On the GBR, there is no evidence demonstrating the regulation of exploitation (through a no take policy) or the designation of nature reserves (i.e., green ‘no-take’ zones) has increased C. tritonis numbers. Stock enhancement, usually through the introduction of advanced juveniles reared in ex situ breeding programs, can restore populations, and improve the success of conservation outcomes. Yet, attempts to rear C. tritonis in captivity have, to date, proven unsuccessful with larval growth and settlement key bottlenecks in the process. Knowledge of their reproductive and early life stage (veliger) biology, particularly the optimal larval diet and the factors that govern settlement, is crucial to overcome these. With little data available regarding the juvenile life stage, discovering when they transition to an echinoderm diet is also imperative (i.e., immediately upon settlement and coinciding with settlement of CoTS, or longer?).
Coral cover on the GBR continues to decline under the pressure of recurring CoTS outbreaks despite significant intervention. To avoid the tipping point beyond which most or all hard corals may disappear, conservation biocontrol, based on the use of an indigenous enemy, represents a promising complementary and sustainable solution to protect coral reefs from CoTS over their full geographical range. With supporting field and laboratory-based evidence suggesting a proclivity for CoTS (i.e., consumptive effect), the C. tritonis remains a biocontrol agent of interest. There is also mounting experimental evidence that the chemistry naturally exuded by C. tritonis modifies CoTS behaviour [16] (i.e., non-consumptive effect), with the application of such chemistry being considered within the CoTS IPM strategy.
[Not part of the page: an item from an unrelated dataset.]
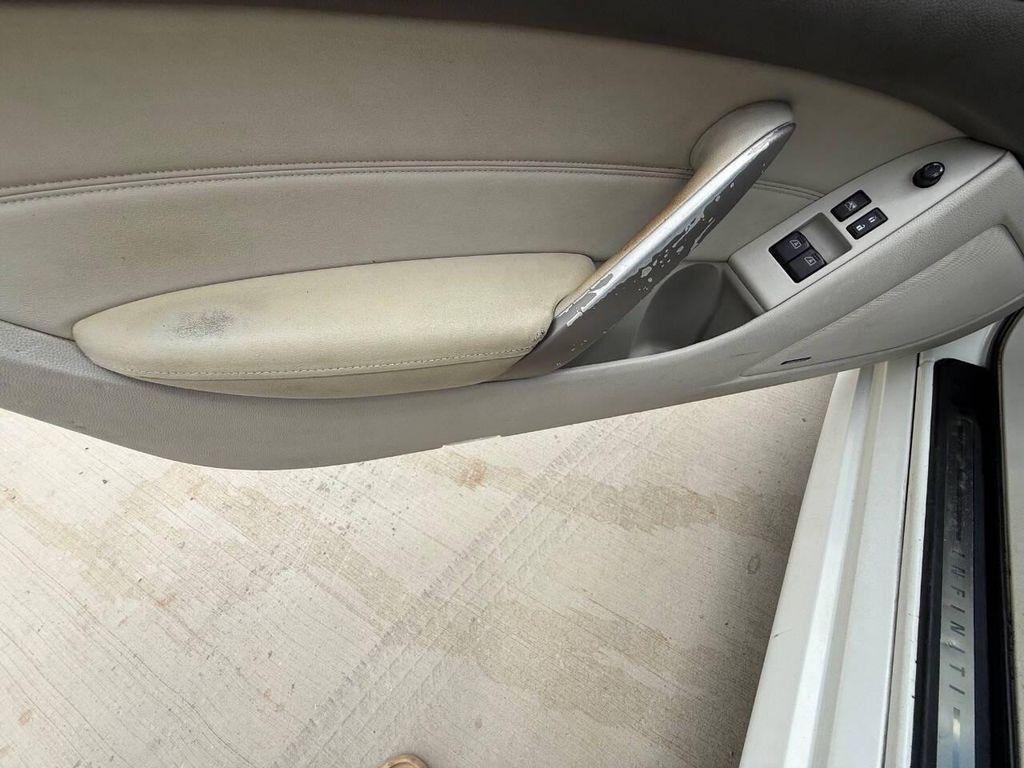 used 2011 INFINITI G37 car, priced at $8,999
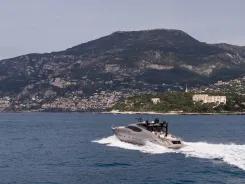 TAIMARE - PALMER JOHNSON yacht sale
However, with predation levels low at 1 CoTS per week, and with the diffusive spread and dilution of chemosensory cues in the aquatic environment reliant on hydrodynamic parameters [366,367], neither trait in isolation is likely to impact on CoTS populations. However, the combination of non-consumptive and consumptive effects induced by the presence of C. tritonis is likely to have greater success in a proximity deterrence effect on CoTS in situ. This deterrence could promote effective dispersal or prevent aggregations of CoTS at opportune times (i.e., spawning events), thereby indirectly suppressing CoTS populations, especially those under the outbreak threshold. Stock densities of C. tritonis needed in such scenarios to elicit the desired affect remain to be determined. These knowledge gaps should be addressed with some urgency.
Mapping of population distributions against those of CoTS, based on knowledge of their predator-prey dynamics, will also establish evidence of the link (or not) with CoTS outbreaks, and if proven so, will improve predictions of future outbreaks and provide another tool (i.e., predator management) for the long-term sustainable control of CoTS populations.

Author Contributions

M.R.H. obtained funding. C.A.M. and M.R.H. conducted the literature review and wrote the original draft. C.A.M., M.R.H. and S.F.C. reviewed and edited further versions of the manuscript. All authors have read and agreed to the published version of the manuscript.

Funding

This project was funded by the Australian Government National Environmental Science Program Tropical Water Quality (NESP TWQ 2.1.1) Hub, and the Australian Federal Government Department of the Environment and Energy Reef 2050 Sustainability Plan Grant ID: 3600000775. The project was supported by the Australian Institute of Marine Science.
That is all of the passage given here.